Alan used to visit my place of work regularly and talk for ages about what this or that band were doing, where they were going wrong, what they needed to do and how he was going to re-educate them into becoming something he could sell to the big boys. We listened intently; this was a man with all his fingers on several buttons and most unusually in our business, a man you could trust. He was one of the good guys in a sea of sharks, a genuine, enthusiastic semi-Svengali character, extremely honest, extremely open and eager to share the knowledge with those who understood his hurdles.

Only 3 weeks ago he was visiting us again, telling us about a new bunch of hopefuls he was working on, re-educating until they were ready for debuting before whatever passes as A&R men these days. “I went into their room and the wall was just full of tits and arse! I asked them, what does this tell the guys from London about your culture? I told them to tear it all down, get rid of it and put up posters of your favourite bands and songwriters – then you’ll have something the guys from London can relate to!” It is this re-education desperately needed by so many young bands that will be sorely missed and probably never replaced. Who else thinks like this in Liverpool? Who else continues to think around the problems facing the industry on a worldwide level, weighs them up and still believes it’s worth a shot? Who else totally understands the gravity and size of task it is to undertake the breaking of a band nationally and internationally with the budgets involved and still wants to give it a shot? Who else will tell a band who want to take 3 years off after 2 years of success that they really need to keep up the momentum or face obscurity? That person was, until a few days ago, Alan Wills.

I and my colleagues will miss his visits with his long chats, jovial outlook and for me personally, his unnerving ability to seem to read my mind and reflect my exact thoughts about the industry; yet unlike me, continue to have a positive attitude, unaffected by the bitterness of disappointment. Indeed, we have lost a giant amongst Minnows, a man large enough to rub shoulders with the world’s biggest players in music, yet still down to earth enough to want to share his experiences with those of us further down the food chain. Irreplaceable on both a professional and lest we forget, a personal level, leaving a family in a state of devastation and total loss, the legacy Alan Wills leaves behind is a monument to a man who glowed with the energy of an inner-spirit resolute to finding the good in the creative arts world we struggle within.

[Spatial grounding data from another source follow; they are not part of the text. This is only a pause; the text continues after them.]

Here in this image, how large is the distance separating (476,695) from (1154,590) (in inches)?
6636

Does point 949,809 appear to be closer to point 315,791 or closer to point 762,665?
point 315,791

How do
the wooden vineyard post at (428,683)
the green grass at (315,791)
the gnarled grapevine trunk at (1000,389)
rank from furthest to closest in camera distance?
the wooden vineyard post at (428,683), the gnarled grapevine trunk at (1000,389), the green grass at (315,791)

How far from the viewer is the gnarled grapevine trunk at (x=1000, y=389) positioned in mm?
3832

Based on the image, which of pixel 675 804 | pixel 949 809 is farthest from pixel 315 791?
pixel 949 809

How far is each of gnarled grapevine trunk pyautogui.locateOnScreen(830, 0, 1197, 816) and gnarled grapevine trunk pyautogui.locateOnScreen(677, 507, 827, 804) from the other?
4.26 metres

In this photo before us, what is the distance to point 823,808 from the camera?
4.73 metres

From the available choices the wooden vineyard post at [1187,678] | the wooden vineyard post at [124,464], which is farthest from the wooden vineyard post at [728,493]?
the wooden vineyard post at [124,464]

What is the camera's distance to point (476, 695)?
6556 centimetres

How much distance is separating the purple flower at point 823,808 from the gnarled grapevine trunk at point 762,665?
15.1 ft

Liverpool is yet to feel the true after-shock from the loss of a unique and exceptional man who shared his irrepressible and inspirational spirit with those he came into contact with.

Alison Krauss & Union Station, Liverpool Philharmonic Hall, 14/07/12

If I were lucky enough to meet Robert Plant and be allowed to say one thing to him, it would have to be;

I get it.

After watching Alison Krauss & Union Station perform to a sold out Liverpool audience, it’s understandable how being the singer in one of the biggest bands in Rock history fades into the background, when confronted by what can only be described as an emotionally moving musical experience, totally out of the comfort zone of the average British Rock star. Continue reading “Alison Krauss & Union Station, Liverpool Philharmonic Hall, 14/07/12”

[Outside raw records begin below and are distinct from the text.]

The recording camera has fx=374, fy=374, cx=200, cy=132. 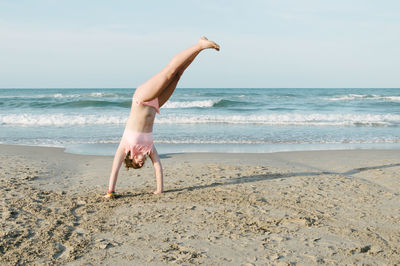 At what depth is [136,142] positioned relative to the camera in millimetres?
4707

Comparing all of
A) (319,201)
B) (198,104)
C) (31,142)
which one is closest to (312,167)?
(319,201)

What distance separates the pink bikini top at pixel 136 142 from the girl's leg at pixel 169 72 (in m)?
0.48

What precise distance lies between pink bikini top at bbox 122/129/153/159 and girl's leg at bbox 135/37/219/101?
0.48 meters

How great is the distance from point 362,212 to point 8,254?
3.68m

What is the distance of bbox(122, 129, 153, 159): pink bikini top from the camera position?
470 centimetres

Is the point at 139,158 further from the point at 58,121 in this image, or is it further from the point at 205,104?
the point at 205,104

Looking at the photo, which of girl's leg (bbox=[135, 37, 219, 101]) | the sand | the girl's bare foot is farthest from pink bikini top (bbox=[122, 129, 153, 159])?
the girl's bare foot

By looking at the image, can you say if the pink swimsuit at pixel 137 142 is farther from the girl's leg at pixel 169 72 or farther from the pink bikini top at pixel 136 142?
the girl's leg at pixel 169 72

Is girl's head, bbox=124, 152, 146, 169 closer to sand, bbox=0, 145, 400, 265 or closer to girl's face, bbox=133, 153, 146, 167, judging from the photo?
girl's face, bbox=133, 153, 146, 167

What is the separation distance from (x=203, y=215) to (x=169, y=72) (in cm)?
166

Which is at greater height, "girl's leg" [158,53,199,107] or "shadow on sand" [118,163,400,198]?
"girl's leg" [158,53,199,107]

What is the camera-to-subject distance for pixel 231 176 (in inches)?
240

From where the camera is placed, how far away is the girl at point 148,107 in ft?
14.0

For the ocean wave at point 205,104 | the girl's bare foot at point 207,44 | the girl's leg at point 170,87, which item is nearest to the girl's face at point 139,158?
the girl's leg at point 170,87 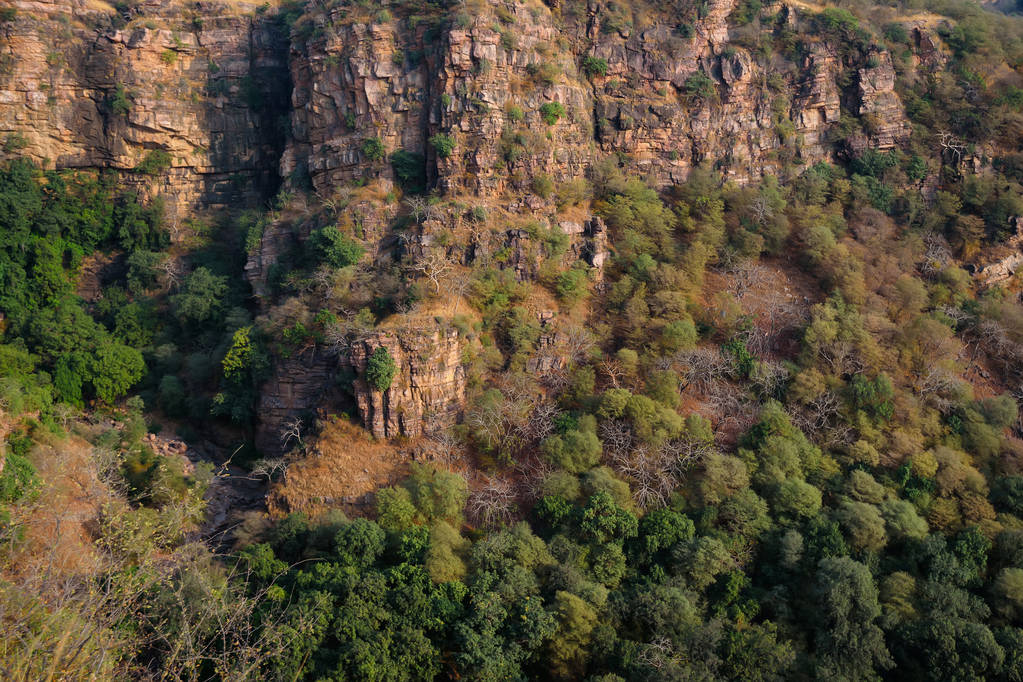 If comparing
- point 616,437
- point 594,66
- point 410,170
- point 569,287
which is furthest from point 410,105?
point 616,437

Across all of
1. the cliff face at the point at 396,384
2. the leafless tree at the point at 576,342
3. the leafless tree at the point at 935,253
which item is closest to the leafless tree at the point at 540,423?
the cliff face at the point at 396,384

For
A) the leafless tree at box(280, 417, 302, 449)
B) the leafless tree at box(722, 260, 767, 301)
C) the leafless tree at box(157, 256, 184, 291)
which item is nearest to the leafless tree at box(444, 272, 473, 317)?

4REAL – The Manic’s in Liverpool

The Manic Street Preachers, Liverpool Guild of Students, 08/10/10

Image of 'Postcards From A Young Man'It was early last week that I took the call. An old friend phoned and asked me if I fancied going to see the Manics on a free ticket as he’d been let down last minute. “What’s the venue?” was my first reaction, seeing as I refuse to go to gigs in anything other than theatres or where the room size negates the requirement for watching the band on a huge flat screen. When I heard they were playing at the students union hall I couldn’t take the offer up fast enough. After all, didn’t they play bigger venues than this normally? Apparently, this was a ‘back to clubs’ style tour in support of their latest release, ‘Postcards From A Young Man’.

It surprised a few of my friends when they found out I was going to see the band – after all, I’d never been an outward or obvious supporter of them, but there was something lying dormant in the appreciation sector of my brain that went right back to the early 1990’s. Probably 1992 to be specific.

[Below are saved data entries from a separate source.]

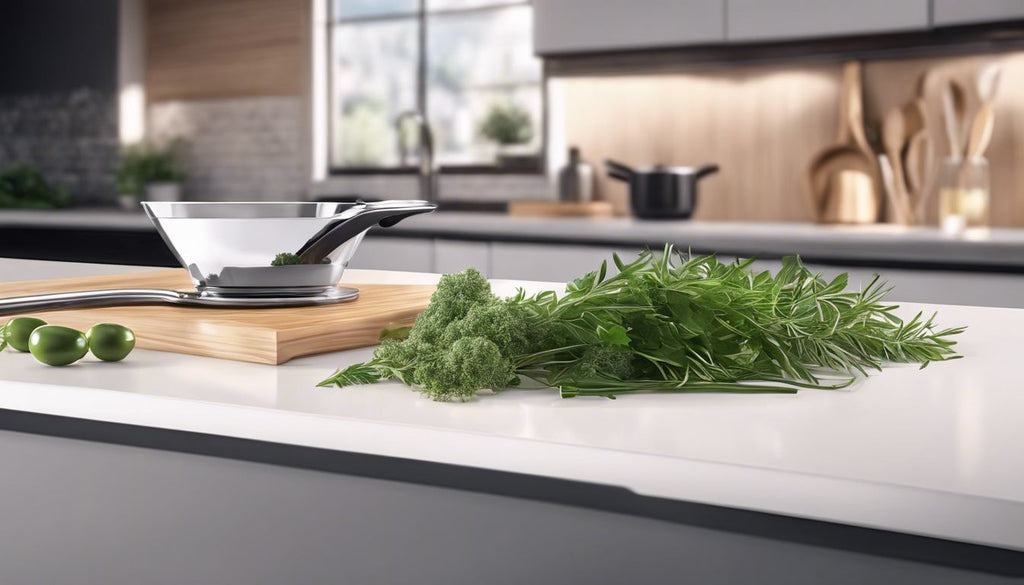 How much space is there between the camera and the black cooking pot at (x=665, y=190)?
3.47 metres

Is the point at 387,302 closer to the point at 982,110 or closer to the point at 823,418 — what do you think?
the point at 823,418

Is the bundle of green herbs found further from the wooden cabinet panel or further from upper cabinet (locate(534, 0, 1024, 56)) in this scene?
the wooden cabinet panel

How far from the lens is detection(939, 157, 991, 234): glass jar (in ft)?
10.6

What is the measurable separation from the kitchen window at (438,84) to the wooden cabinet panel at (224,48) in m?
0.19

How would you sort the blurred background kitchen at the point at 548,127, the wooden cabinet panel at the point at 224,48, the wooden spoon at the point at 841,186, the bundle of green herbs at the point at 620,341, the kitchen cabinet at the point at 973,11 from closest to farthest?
the bundle of green herbs at the point at 620,341, the kitchen cabinet at the point at 973,11, the blurred background kitchen at the point at 548,127, the wooden spoon at the point at 841,186, the wooden cabinet panel at the point at 224,48

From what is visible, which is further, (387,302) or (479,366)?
(387,302)

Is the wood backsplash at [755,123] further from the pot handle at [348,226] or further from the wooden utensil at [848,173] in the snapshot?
the pot handle at [348,226]

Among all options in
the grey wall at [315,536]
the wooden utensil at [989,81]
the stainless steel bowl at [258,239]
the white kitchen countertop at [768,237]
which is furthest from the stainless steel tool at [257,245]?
the wooden utensil at [989,81]

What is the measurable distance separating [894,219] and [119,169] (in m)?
3.41

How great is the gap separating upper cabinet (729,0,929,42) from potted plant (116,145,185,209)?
273 centimetres

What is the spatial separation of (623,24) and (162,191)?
93.8 inches

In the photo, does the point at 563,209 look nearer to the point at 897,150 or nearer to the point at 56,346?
the point at 897,150

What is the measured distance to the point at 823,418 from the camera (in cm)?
72

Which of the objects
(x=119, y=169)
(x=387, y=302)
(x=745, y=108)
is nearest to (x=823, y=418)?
(x=387, y=302) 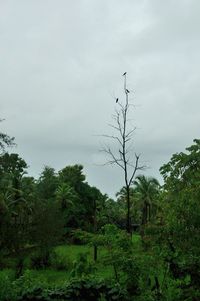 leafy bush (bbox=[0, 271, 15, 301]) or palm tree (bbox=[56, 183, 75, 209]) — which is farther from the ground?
palm tree (bbox=[56, 183, 75, 209])

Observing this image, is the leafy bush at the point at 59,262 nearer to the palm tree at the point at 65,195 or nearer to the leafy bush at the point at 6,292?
the leafy bush at the point at 6,292

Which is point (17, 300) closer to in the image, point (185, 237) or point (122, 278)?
point (122, 278)

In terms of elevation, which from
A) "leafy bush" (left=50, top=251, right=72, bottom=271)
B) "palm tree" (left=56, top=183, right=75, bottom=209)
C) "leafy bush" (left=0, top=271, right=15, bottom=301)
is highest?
"palm tree" (left=56, top=183, right=75, bottom=209)

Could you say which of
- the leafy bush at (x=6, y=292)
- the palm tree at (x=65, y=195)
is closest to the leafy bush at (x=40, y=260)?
the leafy bush at (x=6, y=292)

I can remember back in the day when Radio 1 used to have live sessions by bands during the daytime. I was living in my first house, not enjoying a period in the musical wilderness, playing one too many gigs I hated. Then, out of the blue came this band, live on the radio, seemingly with the balls of The Clash and a lyrical sensibility that reflected living in post-Thatcher Britain under the rule of drab, establishment-educated men in boring grey suits. My ears pricked up to the sound of ‘Motorcycle Emptiness’, then I guess the same cynicism that Steve Lamacq pondered over kicked in as I wondered if they were really “for real”. After all, punk was long over, The Clash were history, Weller was mute and Britain was happy to languish in a Dance culture, seemingly content with the easy escape offered by cheap electronic music, served on a bed of Ecstasy. So weren’t these Welsh boyos just jumping on a bandwagon from the past? Well, perhaps not so I gave them the benefit of the doubt.

Over the next decade I watched from the sidelines as they continued to build a solid fan-base on the back of successful albums and equally passionate live work. As a spectator, I more than enjoyed their live appearances on the BBC’s ‘Later’ show and was glued to the documentary made about the disappearance of Richey Edwards. Despite my self-promises to buy their CD’s and go to their gigs, I never quite got around to it, so the phone call I took was a fresh chance to do something about my apathy and get my ass over to pay my respects, respect being something I have an endless supply of for this band.

A sold out hothouse of a hall played host to the event, identical to the student union venues I’d played around the country over the years. Was a band of their magnitude they really going to play in such a tiny room? Not that I was complaining, I just couldn’t believe my luck at the opportunity for the small price of a train ticket.

And so it began, the consummation of an 18 year on/off affair with a band I’d never quite crossed the line to make full commitment with. “Why the hell didn’t I do this earlier?” was my initial reaction. The band were nothing less than I expected and had lost none of the passion I’d detected belting out of the radio all those years ago. Hit after hit were delivered with the gusto that none of the young bands I see on ‘Later’ today have a hope in hell of achieving. You can’t fake angst in music. It has to be real. If you lived through the ravages of the post-79 Conservative government as a child and then a teenager on the wrong side of the economic divide, the idea of fighting back at the bastards in power was never far away. For me, the Manics are the last of my generation still operating under a policy that is still as valid today as it was 30 years ago, though there’s a bit more sophistication to it these days.

Personal highlights of the set were the solo-acoustic version James did of ‘You Stole The Sun From My Heart’ (stunning) and ‘Ocean Spray’, the poignancy of which, was lost on me until after the gig, though something touched me about its performance. Later on, I discovered the underlying theme behind the song and how it mirrored events in my own life.  The closing statement James Dean Bradfield emphatically addressed to our collective was something along the lines of, “there is no us and you – only WE!” And you know what? I believe he was 4REAL. This time though, the razor blade could safely stay in its packet.